Requirement
Starting at the top of the records below and ending with the line that contains "The request then", print each line exactly as written, skipping the pictures.

::: Exercise data

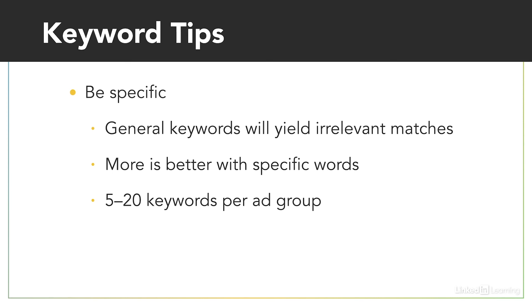And most importantly, just take your time. Keywords are one of the most important elements in your Google Ads process.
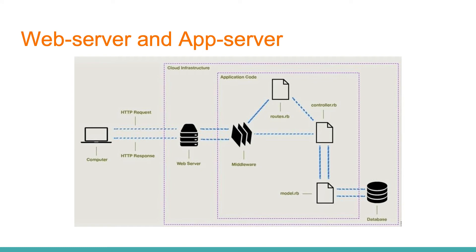The request then goes to the routes.rb file, where the Rails application determines which controller to use to process the request. In the controller we make most actions to process the request. Besides, here Rails app generates the response, which will be returned through the reverse chain of middleware to the browser. This is one request response cycle in web applications.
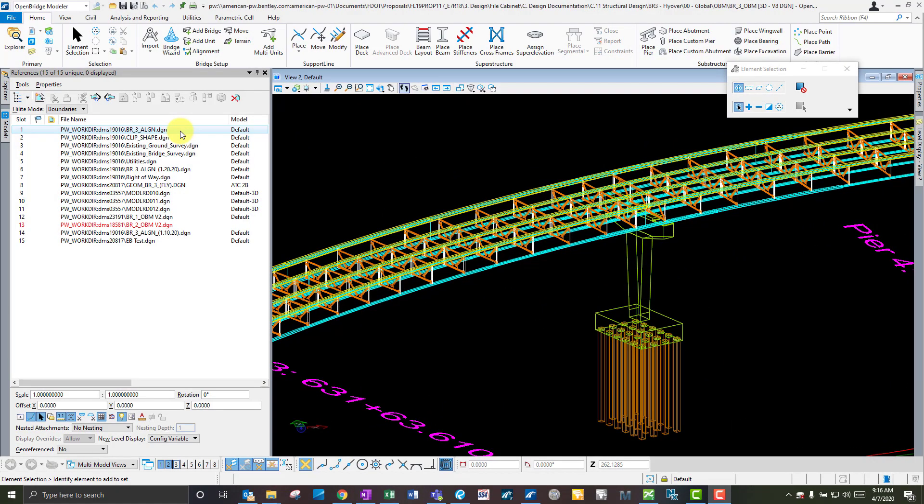In most of the tutorials or examples you see from Bentley or from others, they all have all their data in a single file - the alignment file, the terrain file, and other survey data files. Having all this data in one file has the potential to produce production bottlenecks down the road where different things need to be worked on at the same time, but since all that data is in a single file, only one person can work on one thing at a time. That's why I like to separate as much of my data as possible and just reference it into the main OBM model.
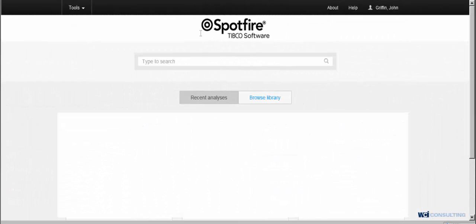Hello, this is John Griffin with WCI Consulting, and today I'm going to be showing you how to set up a schedule within TIBCO Spotfire.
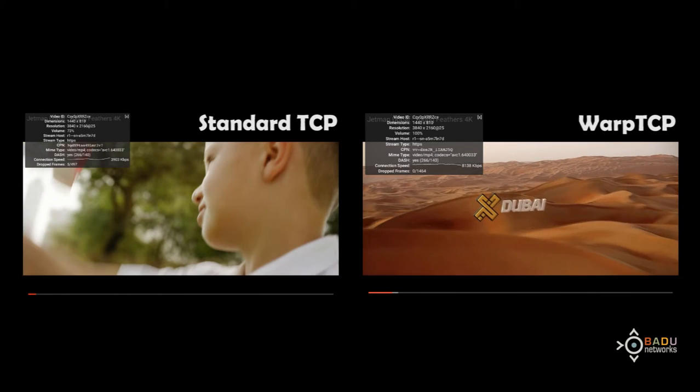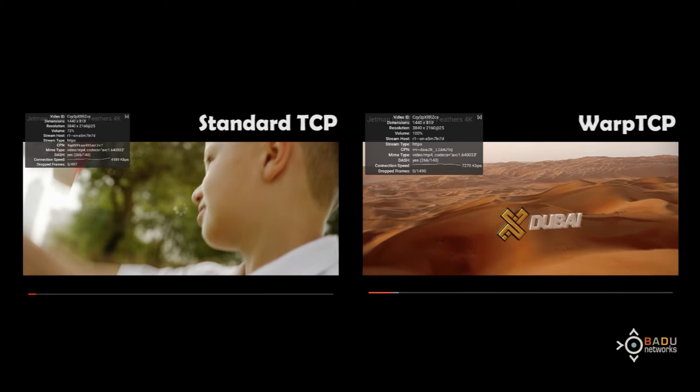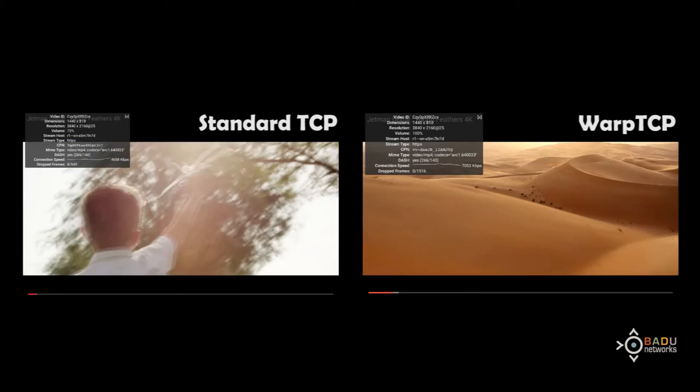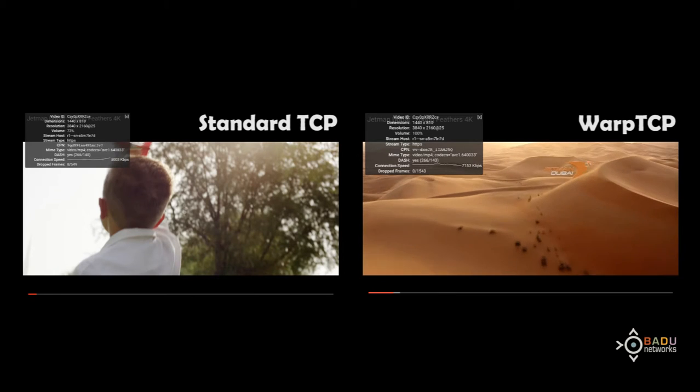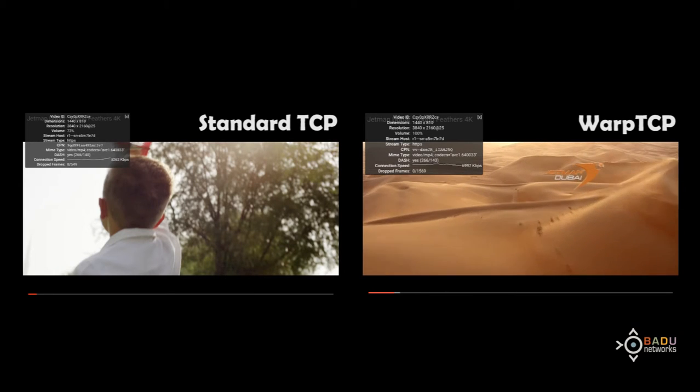Gentlemen, do you copy? We are clear to 4,000 feet. Yes, I copy them.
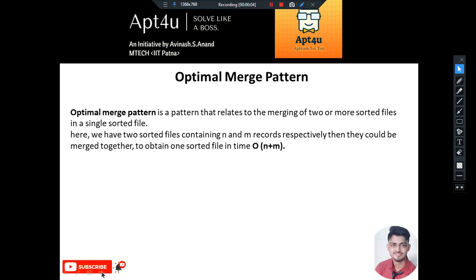Hello and welcome back to apt4u. In this video we will be discussing a problem from greedy algorithms. The problem states that we need to optimally merge a given set of sorted files. This topic is from greedy algorithms - today I have picked up optimal merge pattern, a very important problem. The objective is that we are provided with a list of sorted files.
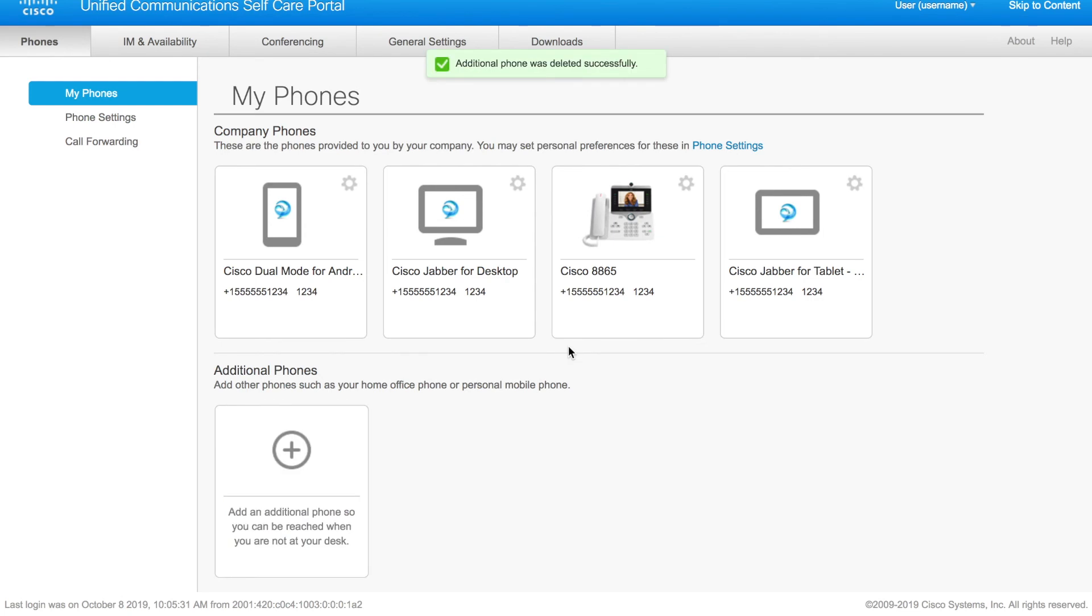Hopefully that gives you a quick idea of how to enable single number reach inside of Unified Communications Manager. If you have questions, comments, tips, or tricks, leave them in the comments section below. And I want to thank you for watching. I hope to see you again sometime soon.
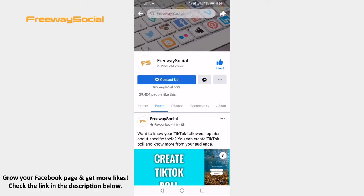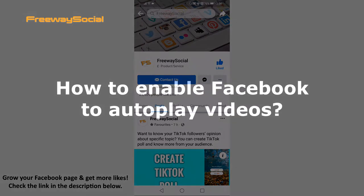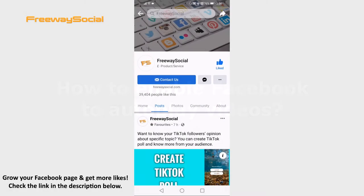Hey guys! This is Thomas from FreewaySocial.com and in this video I will show you how to enable Facebook to autoplay videos. Follow these steps and you will be able to do it!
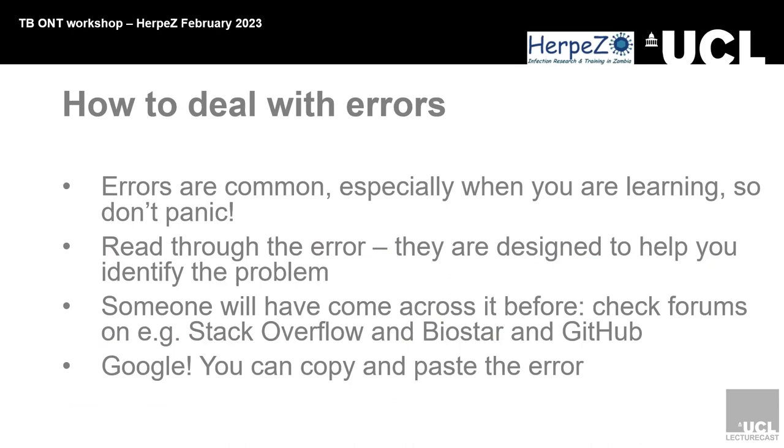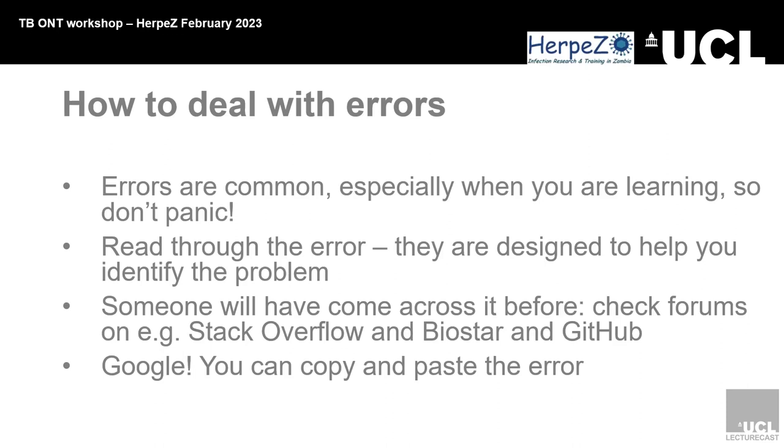How to deal with errors: Errors happen all the time, especially when you're learning, so don't panic. Read through the error, they are designed to help you identify the problem. Someone will have come across it before, so check forums like Stack Overflow, Biostar, and GitHub. You can Google the error codes. You can copy and paste the error. There's also an online Nanopore community where you can post error codes and ask people what they mean, and people will respond to you.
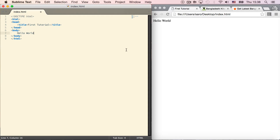The T20 World Cup is a sample headline used in the newspaper. The T20 World Cup is a very large one — this text is being used as example content.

::::::

Solved problem
And most importantly, just take your time. Keywords are one of the most important elements in your Google Ads process.
The request then goes to the routes.rb file, where the Rails application determines which controller to use to process the request. In the controller we make most actions to process the request. Besides, here Rails app generates the response, which will be returned through the reverse chain of middleware to the browser. This is one request response cycle in web applications.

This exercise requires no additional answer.